How many 4-digit positive integers divisible by 3 can be formed using only the…

2024

How many 4-digit positive integers divisible by 3 can be formed using only the digits {1, 3,4, 6, 7}, such that no digit appears more than once in a number?

  1. A.

    24    

  2. B.

    48

  3. C.

    72

  4. D.

    12

Attempted by 11 students.

Show answer & explanation

Correct answer: B

Key idea: use divisibility by 3 (the sum of digits must be a multiple of 3) and the residues of the available digits modulo 3.

  • Find residues modulo 3 of the digits: 1 → 1, 3 → 0, 4 → 1, 6 → 0, 7 → 1. Thus there are three digits with remainder 1 (1, 4, 7) and two digits with remainder 0 (3, 6).

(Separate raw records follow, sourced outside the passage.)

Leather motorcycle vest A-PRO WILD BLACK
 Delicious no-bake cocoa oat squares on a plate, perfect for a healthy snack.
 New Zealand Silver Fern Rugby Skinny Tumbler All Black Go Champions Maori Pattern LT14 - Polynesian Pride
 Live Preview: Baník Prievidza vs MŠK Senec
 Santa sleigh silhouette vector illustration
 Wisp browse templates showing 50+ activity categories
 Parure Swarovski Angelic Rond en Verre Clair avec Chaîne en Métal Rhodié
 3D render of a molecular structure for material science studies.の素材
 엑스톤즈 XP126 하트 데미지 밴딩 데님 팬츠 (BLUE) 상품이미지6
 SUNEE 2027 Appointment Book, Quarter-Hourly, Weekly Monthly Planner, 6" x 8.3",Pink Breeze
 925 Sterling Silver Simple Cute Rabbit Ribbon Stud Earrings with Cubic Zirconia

  • Let k be the number of chosen digits with remainder 1. The sum of the four digits is congruent to k (mod 3). To make the sum divisible by 3 we need k ≡ 0 (mod 3). With four digits, the possible k are 0 or 3.

  • k = 0 is impossible because there are only two digits with remainder 0. Therefore k = 3: the three remainder-1 digits (1, 4, 7) must all be used, together with exactly one remainder-0 digit (either 3 or 6).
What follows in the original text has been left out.